Des retours sur l’aspect pédagogique de la classe inversée

J’ai analysé les questionnaires de 25 apprenants. Sur ces 25, 20 ont indiqué préférer la classe inversée par rapport à l’heure d’atelier en présentiel. À l’Alliance Française de Cuenca, il y avait une heure supplémentaire pour les élèves qui suivaient quatre heures de cours, et cette heure pouvait être réalisée à distance sur la plateforme Moodle (exercices de révisions) ou en présentiel avec des ateliers (grammaire, phonétique, etc).

Une justification était demandée à la question sur leur préférence. Voici quelques réponses obtenues :

  • « Parce que c’est plus facile d’apprendre après »
  • « Parce qu’en classe je peux éclaircir mes doutes par rapport aux vidéos »
  • « Parce que je pense que la classe inversée c’est amusant et simple »
  • « Parce que comme ça je comprends et c’est plus facile pour moi de rester à la maison »
  • « Parce que ça m’aide à comprendre plus la matière que je renforce pendant les classes et c’est plus facile de comprendre la classe puisque qu’on a vu le sujet avant »
  • « Parce que ça nous aide à améliorer notre grammaire, comme ça on peut arriver en classe et parler du sujet, et nous n’avons pas besoin de prendre le temps de tout répéter »
  • « Parce que ça renforce les contenus et ça fait que l’élève a des connaissances préalables du sujet. En plus,la plateforme peut servir d’aide à la révision »

J’ai été très contente de voir que, d’eux-mêmes, quelques apprenants ont vu les mêmes bénéfices que moi dans la classe inversée, à savoir un gain de temps, une meilleure compréhension de leur part, et une utilisation du temps de classe pour répondre aux questions.

D’autres commentaires me faisaient part des contraintes liées au temps et au déplacement, en insistant donc sur le côté pratique de la classe inversée par rapport aux ateliers en présentiel.

Les critiques envers l’expérience de classe inversée

Revenons un peu au chiffre précédent : 20 sur 25 indiquaient être satisfaits la classe inversée. Les 5 apprenants restants préféraient donc les explications grammaticales en présentiel. Il faut bien le comprendre : c’est une méthode pédagogique qui ne convient pas à tout le monde.

À partir du moment où c’était une bonne expérience pour la majorité, j’en étais moi-même satisfaite.
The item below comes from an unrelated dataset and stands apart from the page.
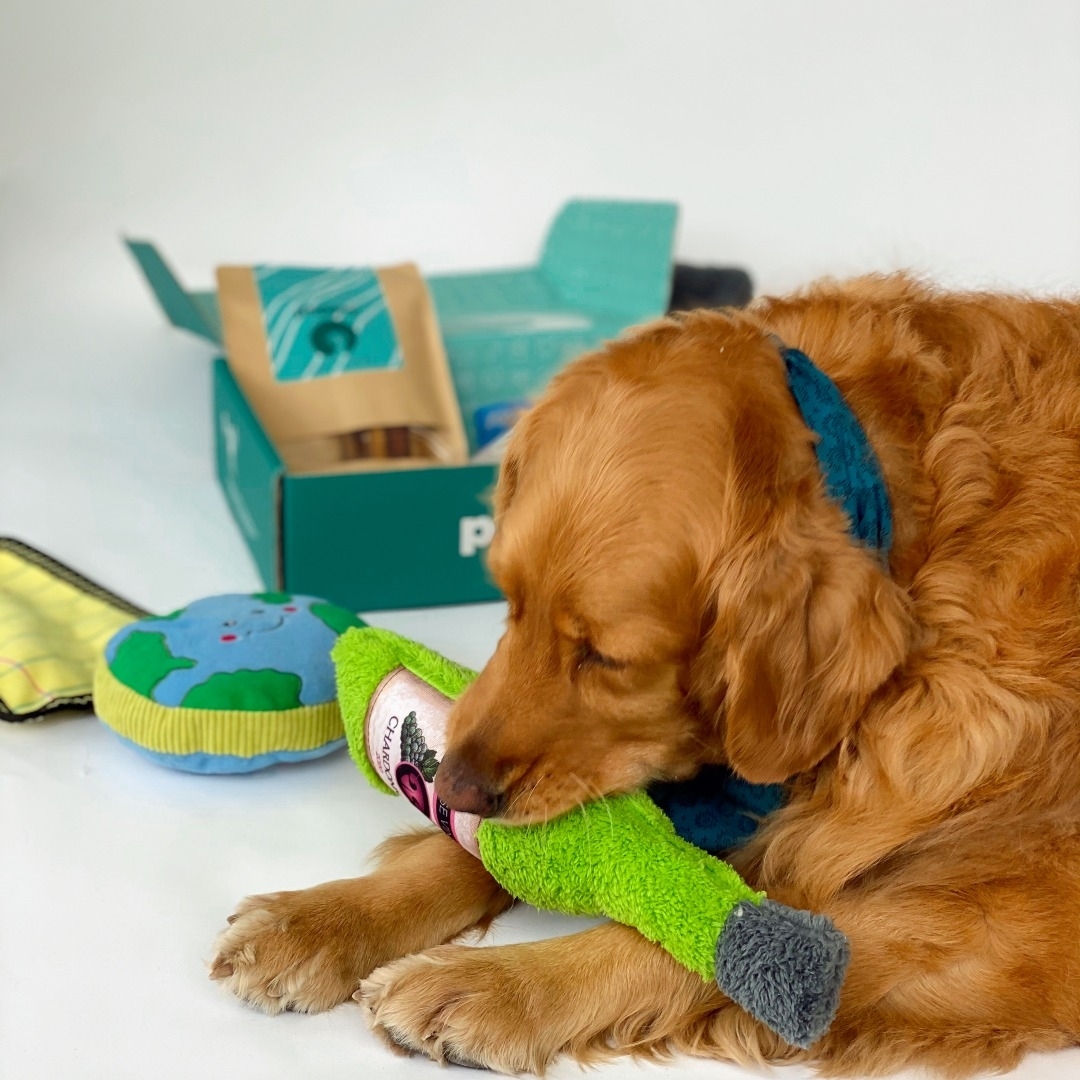 A dog chewing on a bottle-shaped toy from the box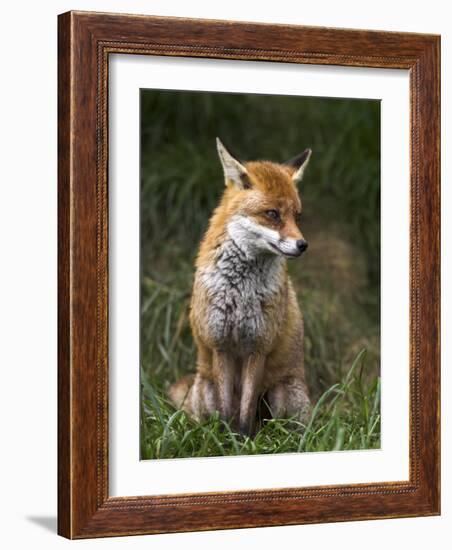 Red Fox, Vulpes Vulpes, Captive, United Kingdom-Steve & Ann Toon-Framed Photographic Print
Les 5 non-conquis par la classe inversée m’ont bien précisé que, pour eux, rien ne remplaçait les explications de l’enseignant en classe. Ce qu’on peut parfaitement comprendre, et respecter.

Dans mon questionnaire, j’avais demandé aux apprenants de sélectionner 3 inconvénients parmi la liste ci-dessous :

Mon expérience de classe inversée 2/2 : une réussite ? 1

Ceux qui ont été choisis par plus d’un apprenant étaient les trois suivants :

« Je préfère quand le professeur explique la grammaire en classe »
« Je n’ai pas assez pratiqué la grammaire en classe »
« Je n’ai pas le temps de regarder les vidéos »

Il faut bien avoir conscience de l’importance de la grammaire en classe pour certains. En effet, dans le cadre de ma classe inversée, j’en faisais très peu : juste une discussion en commun, et un exercice ou test de vérification.

Je préférais passer plus de temps sur les activités de réinvestissement à l’oral. C’était trop léger pour certains. Moi-même avec le recul, je me dis que j’aurais dû consacrer davantage de temps à systématiser certains points plus complexes, notamment au niveau A2-2.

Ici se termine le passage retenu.